ASIC takes further action against serial securities offender
TheAustralian Securities and Investments Commission(ASIC) obtained final orders in the Supreme Court of Queensland yesterday against the directors of Drury Management, one of which is regarded by ASIC as a serial securities offender, and appointed a liquidator to wind up an unregistered managed investment scheme operated by the company.
The Court made declarations against the directors of Drury Management, Piet Cornelius Walters and Mark Samuel Evans, as well as Ransom House, a company associated with Walters, stating that the respondents operated an unregistered investment scheme, and they carried on an investment advice business, securities business and financial services business without a licence or licence exemption.

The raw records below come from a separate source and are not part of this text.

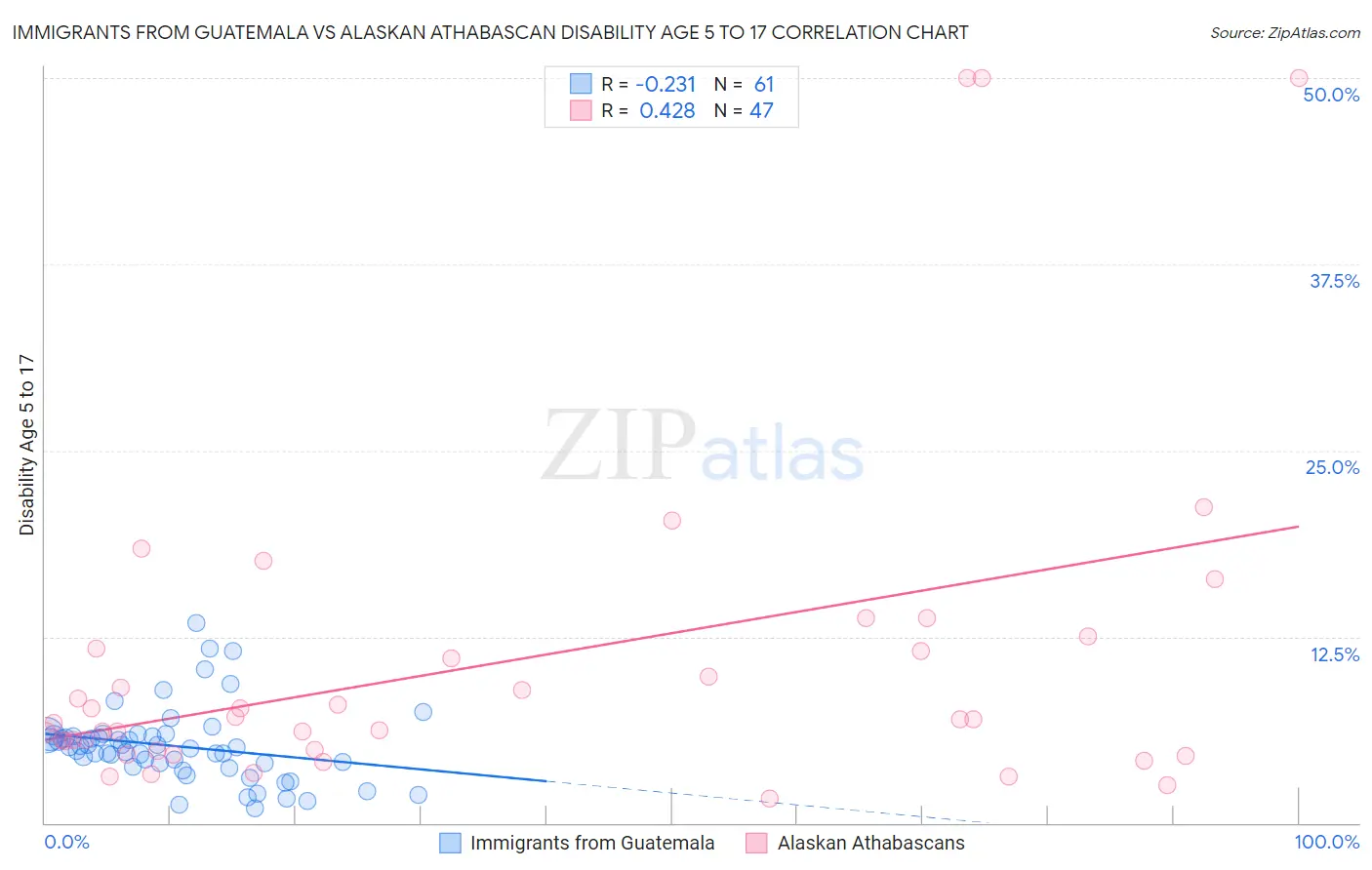 Immigrants from Guatemala vs Alaskan Athabascan Disability Age 5 to 17
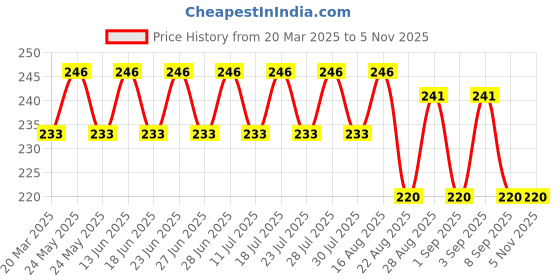 myntra.com Kaylite Set Of 2 Salicylic Acid Face Wash- 60 ml Each kaylite Price History Graph from 20 Mar 2025 to 4 Nov 2025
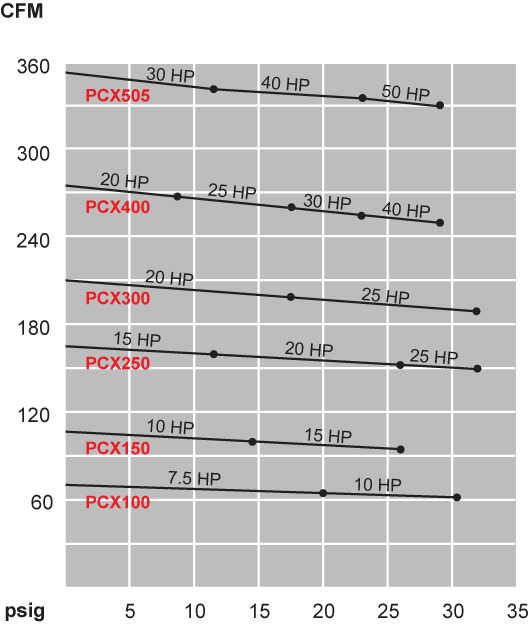 PCX300 Series Compression Performance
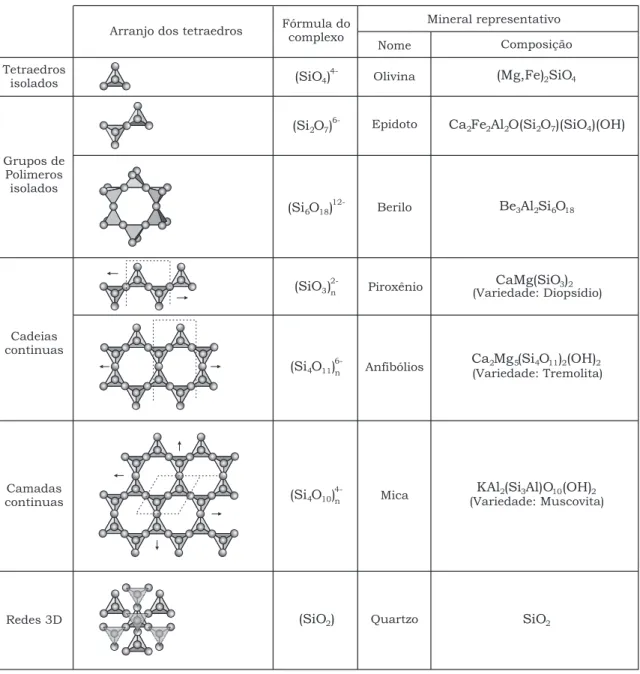 Tabela 1.1: Tipos de minerais silicatos de acordo com a forma¸c˜ao de tetraedros.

Between August 1999 and September 2002, Walters and Evans obtained loans from private investors through their accounting practice, Drurys, promising investors returns of 12 per cent to 15 per cent per annum. By the time an interim receiver was appointed in September 2002, 118 investors had nearly $8 million invested through Drury Management.
The Court also imposed a permanent injunction restraining the respondents from further operating the scheme, receiving or soliciting funds in connection with the scheme, dealing with any property held by them, and destroying or interfering with any of their books and records.
Ian David Jessup of Jessup and Partners was appointed as liquidator of the scheme, Drury Management and Ransom House by the Court.
This is not the first time Walters has felt ASIC’s wrath. In September last year, he appeared in court on 13 criminal charges for engaging in dishonest conduct in relation to the provision of a financial service. This was in addition to earlier civil action taken by ASIC in September 2002, when the regulator appointed an interim receiver to the managed investment scheme operated by Drury Management.
Walters, who is a Dutch citizen and also known as Fred Siebolt Hofman, is also wanted on a Canada-wide arrest warrant relating to 53 counts of fraud and theft allegedly committed between 1985 and 1991, involving approximately CAD$9.7 million.